_DATA BLOCK:_

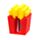 Taille-crayon Fast Food - Burger, Frites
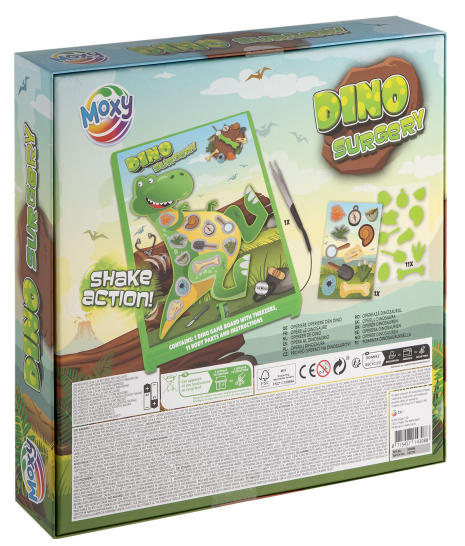 Moxy Dino operatie bordspel 24,5x17,5cm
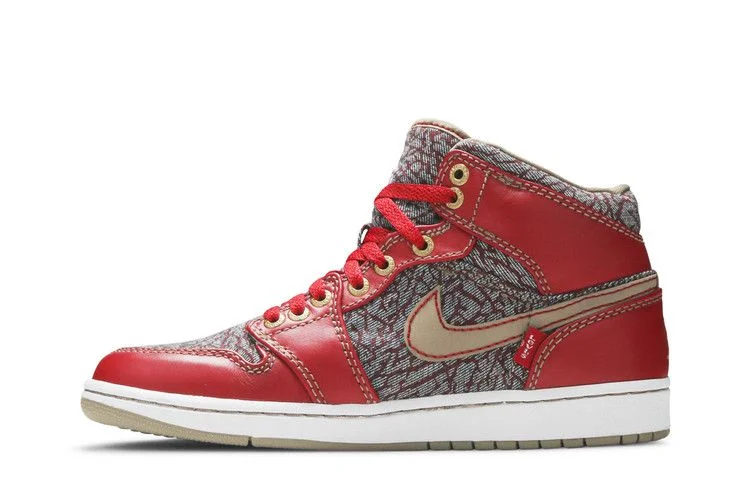 Кроссовки Levi's x Air Jordan 1 Retro '23/501 Denim Pack'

_WHAT YOU ARE ASKED TO DO:_ Output nothing but the lines from the line with "Moxy Dino operatie bordspel 24,5x17,5cm" through the last line of the material above, please, word for word and without the pictures.

_ANSWER BELOW:_
 Moxy Dino operatie bordspel 24,5x17,5cm
 Кроссовки Levi's x Air Jordan 1 Retro '23/501 Denim Pack'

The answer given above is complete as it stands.